Lastly, “another series of cash transfers related to employment and training services targeting young people in the process of joining adult life (15-24 years).”
Hopenhayn cited, as an example, “the universal child benefit introduced in Argentina a year ago” by the centre-left government of President Cristina Fernández.
“The three kinds of transfers proposed would, combined, have a substantial absolute impact on poverty,” the study says. “For example, the poverty rate would fall from 61.8 percent to 34.6 percent in Nicaragua and from 45.7 percent to 29.9 percent in Guatemala.”
For some countries like Argentina, Chile, Costa Rica, Uruguay and, to a lesser extent, Brazil, the additional costs of these extra efforts are manageable for a short period of time, and represent about two percent of GDP, ECLAC says.
“Other countries are in an intermediate position, for example Mexico, Panama, Venezuela, Colombia and Peru. They need to make a greater effort because their tax revenue is low, and they need to maintain a high rate of growth,” said Hopenhayn.
“Then there are poorer countries, like Bolivia, Honduras, Nicaragua and Guatemala, which would need to increase the tax burden and mobilise international cooperation resources,” he said.

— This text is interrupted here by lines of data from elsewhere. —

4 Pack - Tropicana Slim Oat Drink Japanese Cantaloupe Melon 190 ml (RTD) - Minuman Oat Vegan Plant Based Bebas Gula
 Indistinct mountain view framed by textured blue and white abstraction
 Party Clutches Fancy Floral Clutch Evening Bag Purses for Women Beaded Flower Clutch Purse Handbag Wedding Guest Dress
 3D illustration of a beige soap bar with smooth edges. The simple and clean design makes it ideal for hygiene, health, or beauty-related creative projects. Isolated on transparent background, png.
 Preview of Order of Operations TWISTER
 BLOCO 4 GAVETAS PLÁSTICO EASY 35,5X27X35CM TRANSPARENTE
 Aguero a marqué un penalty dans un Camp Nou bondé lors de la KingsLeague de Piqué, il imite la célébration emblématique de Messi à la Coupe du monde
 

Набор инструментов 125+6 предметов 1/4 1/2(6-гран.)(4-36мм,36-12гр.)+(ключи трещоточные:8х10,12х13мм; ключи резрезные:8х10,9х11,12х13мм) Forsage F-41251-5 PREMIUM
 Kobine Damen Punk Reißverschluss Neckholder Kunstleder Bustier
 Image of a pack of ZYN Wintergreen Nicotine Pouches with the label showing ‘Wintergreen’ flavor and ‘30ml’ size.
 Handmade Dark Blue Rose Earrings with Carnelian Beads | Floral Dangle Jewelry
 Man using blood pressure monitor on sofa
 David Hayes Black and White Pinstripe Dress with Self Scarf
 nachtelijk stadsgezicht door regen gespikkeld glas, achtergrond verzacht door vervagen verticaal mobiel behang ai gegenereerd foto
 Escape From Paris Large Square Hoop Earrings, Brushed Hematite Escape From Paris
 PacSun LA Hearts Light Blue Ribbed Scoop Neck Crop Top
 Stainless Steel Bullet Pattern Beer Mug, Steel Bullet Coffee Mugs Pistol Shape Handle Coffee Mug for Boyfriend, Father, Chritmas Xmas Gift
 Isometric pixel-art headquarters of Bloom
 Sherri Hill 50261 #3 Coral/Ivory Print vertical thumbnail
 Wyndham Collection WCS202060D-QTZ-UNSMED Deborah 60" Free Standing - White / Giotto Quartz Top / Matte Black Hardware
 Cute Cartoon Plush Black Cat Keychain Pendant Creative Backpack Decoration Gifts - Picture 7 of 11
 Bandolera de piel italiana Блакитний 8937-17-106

Improving educational quality and equity are two major challenges in Chile, a country in the throes of a new education reform under rightwing President Sebastián Piñera, who took office in March after 20 years of government by the centre-left Coalition of Parties for Democracy.
The Piñera administration proposes the creation of “schools of excellence” at secondary education level, efforts to draw the best students into teaching careers, an improvement in teachers’ salaries, an increase in the time spent on language and mathematics at the cost of history lessons, and greater autonomy for the principals of public schools.
“You cannot have quality without equality, and in Chile we have the most unequal results in the world, according to the OECD, because we have the most segmented educational system,” Rodrigo Cornejo of the Chilean Observatory of Educational Policy at the state University of Chile told IPS.
In Cornejo’s view, Piñera’s plans are just “for show,” because they do not attack the root of the problem, which is the high degree of segmentation of the Chilean system into public municipal schools, state-subsidised schools co- financed by parents’ fees, and completely private schools.
The good news from ECLAC’s Social Panorama of Latin America is that the poverty rate will fall by one percentage point in 2010, from 33.1 percent in 2009 to 32.1 percent of the regional population, leaving 180 million people below the poverty line.
Extreme poverty is predicted to fall by 0.4 percentage points, a reduction from 74 to 72 million people.
This is due to counter-cyclic employment and social measures taken by Latin American and Caribbean countries to weather the international recession that originated in the United States in 2008.
According to 2009 statistics, one of the most complicated situations is that of Paraguay, where 56 percent of the population is living below the poverty line, and 30 percent are extremely poor.
Other countries with highly vulnerable populations are El Salvador, with a poverty rate of 47.9 percent and an extreme poverty rate of 17.3 percent, Ecuador, with rates of 40.2 percent and 15.5 percent, respectively, Colombia, with rates of 45.7 and 16.5 percent, and the Dominican Republic, with 41.1 percent and 21 percent of the population living in poverty and extreme poverty.